Task
Without including any picture, transcribe the entries below word for word.

─── Source data ───

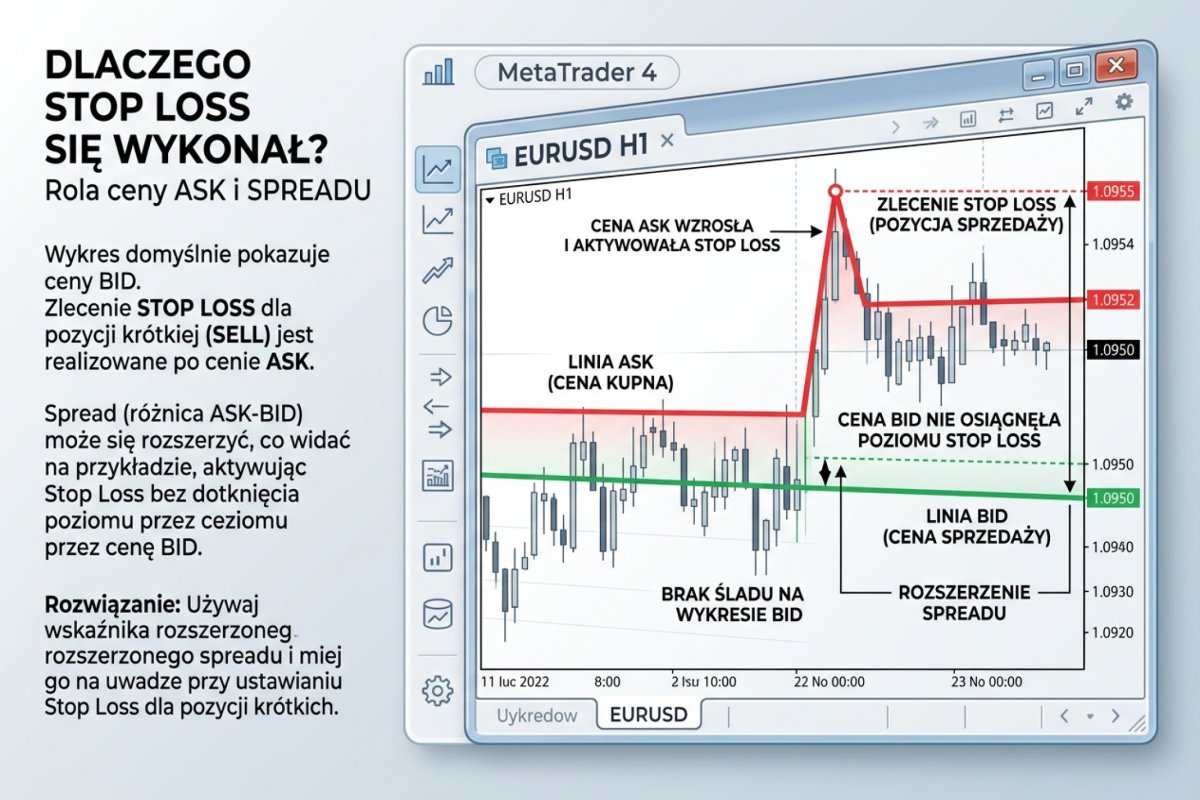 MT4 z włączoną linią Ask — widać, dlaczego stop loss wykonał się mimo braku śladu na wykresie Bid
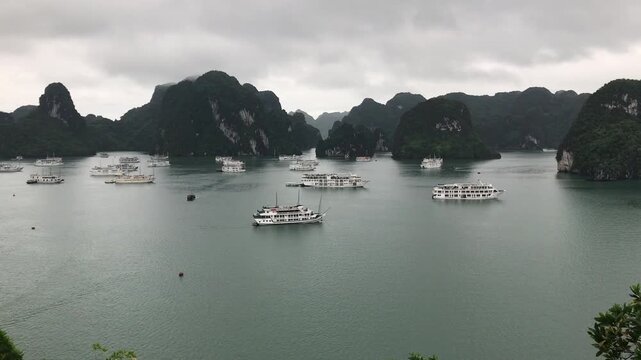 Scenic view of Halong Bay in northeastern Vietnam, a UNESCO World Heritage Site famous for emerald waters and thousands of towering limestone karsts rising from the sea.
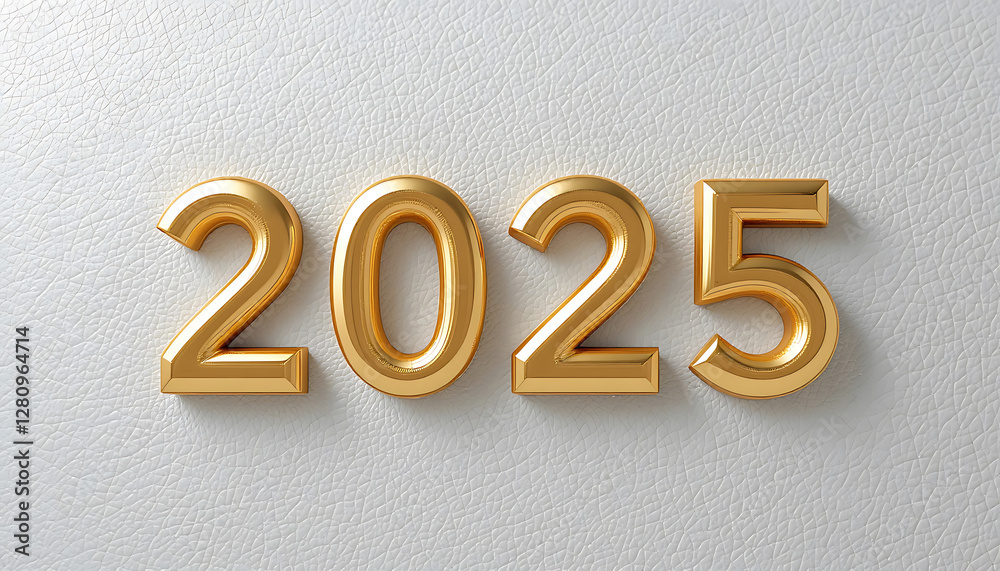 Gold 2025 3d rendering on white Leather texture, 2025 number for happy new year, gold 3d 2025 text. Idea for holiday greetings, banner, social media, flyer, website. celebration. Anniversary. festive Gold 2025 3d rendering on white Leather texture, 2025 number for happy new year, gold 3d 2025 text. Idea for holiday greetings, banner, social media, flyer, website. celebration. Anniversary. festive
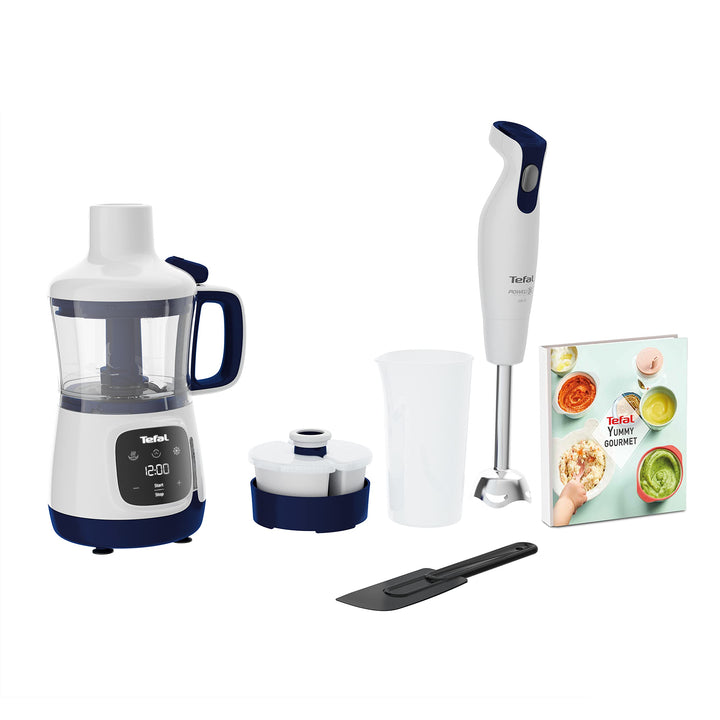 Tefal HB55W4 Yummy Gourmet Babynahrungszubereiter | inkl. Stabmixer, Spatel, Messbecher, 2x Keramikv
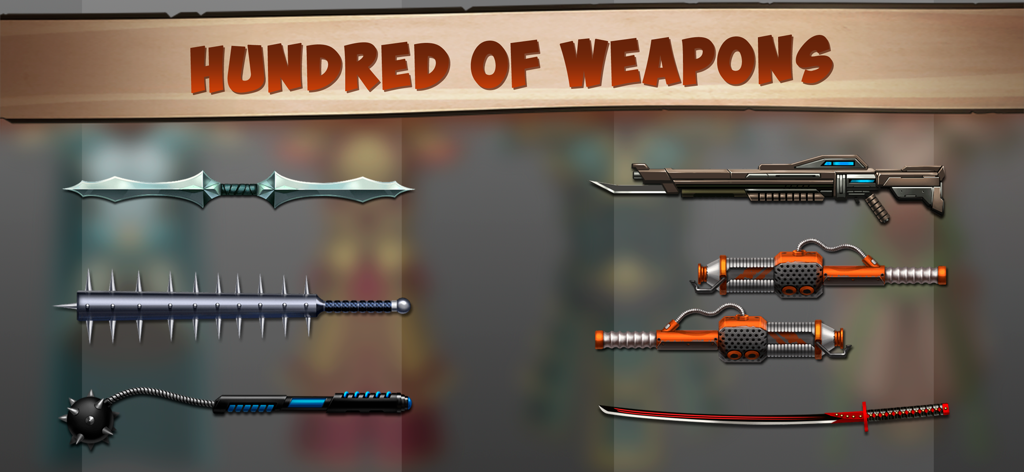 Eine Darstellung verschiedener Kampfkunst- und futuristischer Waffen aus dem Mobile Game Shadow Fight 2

───

Your solution
 MT4 z włączoną linią Ask — widać, dlaczego stop loss wykonał się mimo braku śladu na wykresie Bid
 Scenic view of Halong Bay in northeastern Vietnam, a UNESCO World Heritage Site famous for emerald waters and thousands of towering limestone karsts rising from the sea.
 Gold 2025 3d rendering on white Leather texture, 2025 number for happy new year, gold 3d 2025 text. Idea for holiday greetings, banner, social media, flyer, website. celebration. Anniversary. festive Gold 2025 3d rendering on white Leather texture, 2025 number for happy new year, gold 3d 2025 text. Idea for holiday greetings, banner, social media, flyer, website. celebration. Anniversary. festive
 Tefal HB55W4 Yummy Gourmet Babynahrungszubereiter | inkl. Stabmixer, Spatel, Messbecher, 2x Keramikv
 Eine Darstellung verschiedener Kampfkunst- und futuristischer Waffen aus dem Mobile Game Shadow Fight 2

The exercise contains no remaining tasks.